By Eve Fox, The Garden of Eating
4 large, fresh baking apples (Rome, Golden Delicious, or Jonagold)
1/4 cup brown sugar
1 teaspoon ground cinnamon
1/8 teaspoon ground cloves
1/8 teaspoon ground nutmeg
1/4 cup chopped toasted pecans
2 tablespoons finely chopped crystallized ginger
1 tablespoons butter
A pinch of salt
3/4 cup apple cider (or water if you don't have cider)
1. Preheat the oven to 375 degrees F. Wash your apples then remove their cores to about 1/2 inch above the bottom of the apple. I used an apple corer in combination with a small, sharp paring knife – it was kind of messy/clumsy but worked. You should have a hole roughly an inch wide that does not go all the way through the apple.
2. In a small bowl, combine the sugar, cinnamon, ginger, cloves, nutmeg, salt and pecans.

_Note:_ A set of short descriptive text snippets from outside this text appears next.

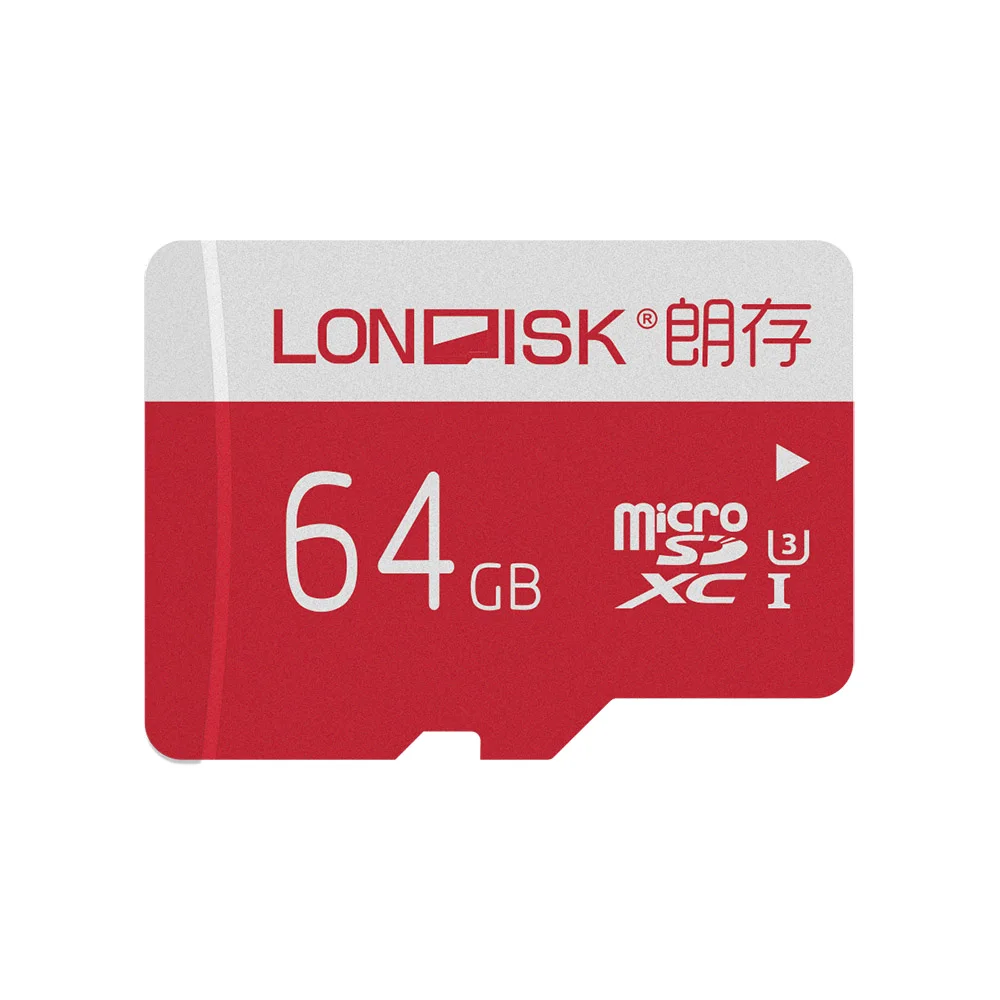 U3 64GB Londisk новинка сертифицирована карта памяти настоящая емкость карты памяти 32 Гб 8 Гб 16 Гб 64 Гб 128 Гб класс 10 UHS-1 Micro SD карта для смартфона планшета камеры - Емкость: U3 64GB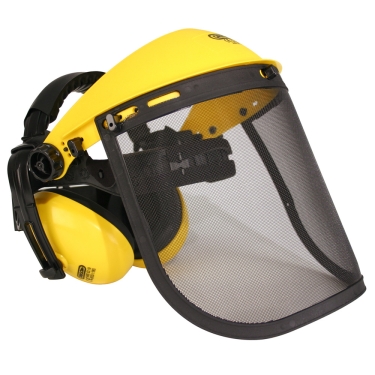 Casque de débroussaillage
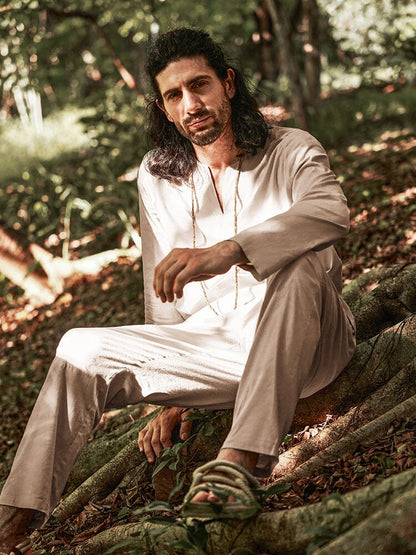 Soft Linen Shirt Set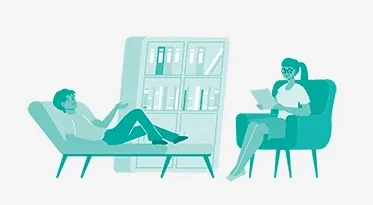 Ilustración: terapia para adultos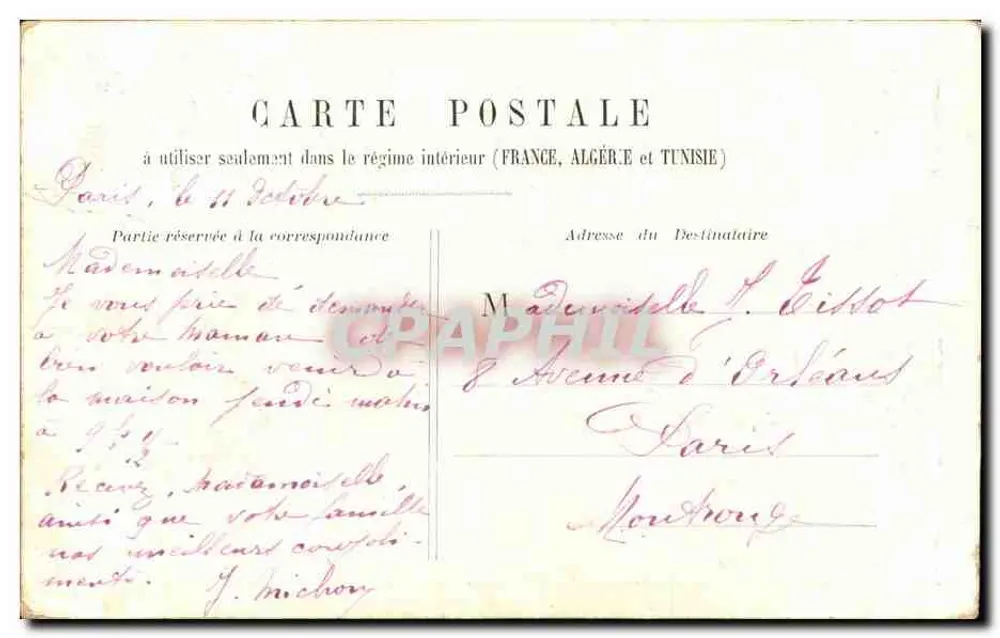 Ponte Alexandre III — Paris — editor NAUDGI, n°30 - Verso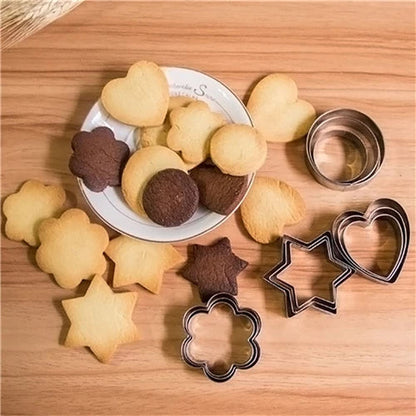 12-Piece Stainless Steel Cookie,Pastry, and Fruit Cutters Set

Place the apples in a small baking pan – you want one small enough to keep all the apples upright but not so small that they're crowded – they'll bake better if they're not touching. Stuff each apple with the filling mixture and top with a small pat of butter.
3. Add the cider (or water) to the baking dish and bake the apples for 30-40 minutes, taking them out several times to baste them with the cider in the bottom of the dish, until they are tender, but not mushy. Serve warm with vanilla ice cream.